W ramach Tygodnia Modlitw o Jedność Chrześcijan w poniedziałek 22 stycznia modlitewne spotkanie odbyło się w kaplicy Emanuela. Słowo Boże wygłosił bp Piotr Przyborek.
W nabożeństwie ekumenicznym, które odbyło się w gdańskiej kaplicy metodystów we Wrzeszczu, uczestniczyło kilkunastu wiernych Kościołów różnych wyznań chrześcijańskich. Ksiądz prezbiter Sebastian Maria Niedźwiedziński z Kościoła ewangelicko-metodystycznego, gospodarz miejsca, powitał na nabożeństwie bp. Piotra Przyborka, biskupa pomocniczego AG, pastor Elisabeth Turek z Kościoła anglikańskiego, ks. protojereja Dariusza Jóźwika z Kościoła prawosławnego oraz ks. Grzegorza Fryda z Kościoła ewangelicko-augsburskiego. Na modlitwę przybyli też klerycy GSD i wierni zboru oraz innych wyznań. Modlitwie ekumenicznej towarzyszyły wspólne śpiewy tradycyjnych, polskich kolęd.

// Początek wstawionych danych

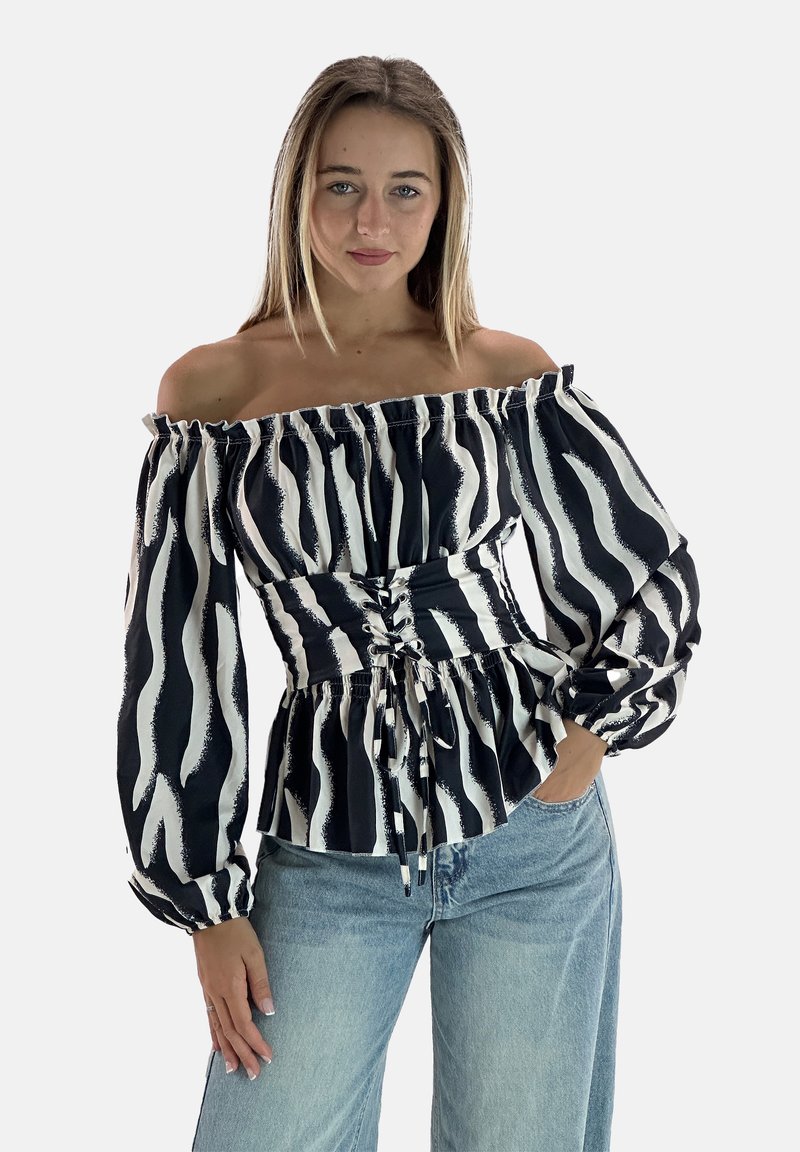 Schulterfreies Blusenshirt mit einem schwarz-weißen Wellenstreifenmuster, geraffter Taille und puffigen Ärmeln, aus leichtem Stoff.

Słowo Boże wygłosił bp Piotr Przyborek, nawiązując do przypowieści o miłosiernym Samarytaninie. - Nadzieja, która właściwie już zupełnie wygasła w sercu pobitego wędrowca z przypowieści jest tematem naszego dzisiejszego spotkania. Nadzieje wcześniej zranione, w momencie przybycia Samarytanina, okazują się być spełnione. I to w taki sposób, w jaki człowiek by się tego nawet nie spodziewał albo mógłby oczekiwać. Tak działa Pan Jezus. Warto tu przywołać pierwszy z Jego znaków, cud w Kanie Galilejskiej. Pan Jezus każe sługom napełnić stągwie przeznaczone do żydowskich oczyszczeń. Słudzy napełnili je aż po brzegi, a zatem w obfitości. Co więcej, Pan Jezus z tej wody uczynił wino, które było tak smaczne, że aż na to zwrócił uwagę starosta tego wesela. To cud, który po pierwsze jest czymś niespodziewanym, niezasłużonym i przychodzi wtedy, kiedy człowiek już zupełnie traci nadzieję. Wtedy otrzymuje dużo więcej niż się spodziewał. Podobnie z Samarytaninem; nie tylko zostaje jego życie ocalone, ale to życie zostaje można powiedzieć na nowo stworzone. Zyskuje bardzo wiele. Zdrowie do niego powróci, ale zyskuje przyjaciela, który się nim opiekuje i zapowiada, że powróci po niego. Zatem to nadzieja, która otwiera zupełnie inną, nową perspektywę której ten człowiek się nie spodziewał - mówił bp Piotr.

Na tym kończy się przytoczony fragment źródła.